When these figures are taken at face value, particularly those detailing the changes that are predicted for specific industries, it can be hard not to imagine a science fiction-esque dystopian future where all humans are out of work and the world is overrun by machines.

A second issue that was touched on earlier in this report is that of safety if automated machines are trusted to take over many jobs that humans do, most notably those involving quality control or where lives could be at risk, such as driving on the roads.

Whilst it may be the goal of some companies to remove human interference from certain processes altogether, this isn’t necessarily the wisest option. This isn’t just for the economic reasons that have been flagged above, although these should most definitely be taken into careful consideration, but it is also for health and safety reasons. Can a robot ever really truly replace the trained eyes of a human being who is an expert in their field?

“Driven, in part, by the wide trend for digitalisation, automation is here to stay,” Dik Vos continued. “In fact, in a world with masses of integrated systems and embedded software, the automation of business processes is one of the most dangerous areas of automation. The only way to ensure organisations are working as they should is to continually test the entire business process.

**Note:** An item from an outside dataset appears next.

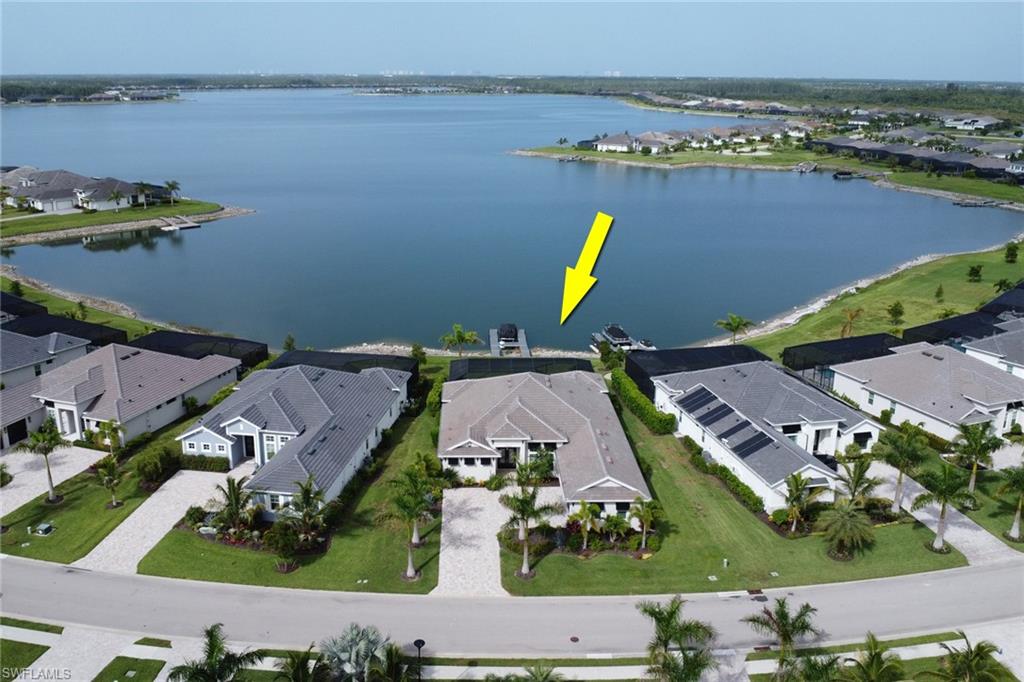 Waterfront property featuring a private boat dock and direct lake access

“During testing, it is possible for businesses to pool together combined knowledge into actionable digital intelligence which can be used to automate the majority of the quality assurance processes. However, it takes a human to predict what a human will do. Automation needs humanity.

“The automation of business processes needs to be underpinned by a comprehensive end-to-end quality assurance plan. Within this plan, organisations would be wise to never completely remove humans from quality assurance, even if, as we believe, such a huge percentage of transactional activities involving IT will be automated over the next five to 10 years.”

 Where are we headed?

It is difficult to even hazard a guess at where the industry may be in 10, 20, or even 50 years’ time. Half a century ago it is unlikely that people believed robots would be able to perform minor surgical procedures, but yet here we are! New discoveries and developments are being made every day, and who knows what doors they will open up for us in the distant future.

“It is unlikely that we are going to see any robot uprisings any time soon,” said Neil Gallant. “But the potential threats that an increase in automation brings to our society should not be underestimated. With the economic state of the world already so fragile, any attempts to research areas that could result in unemployment should be very carefully considered before implementation.

“That being said, we are living in exciting times where we are able to witness such developments taking place. So much has already occurred over the past few years that many people may not be aware of. We may not have reached the exciting level of developments as seen in the movies – not yet anyway – but with the amount of ideas and research taking place across the world, the sky really is the limit.”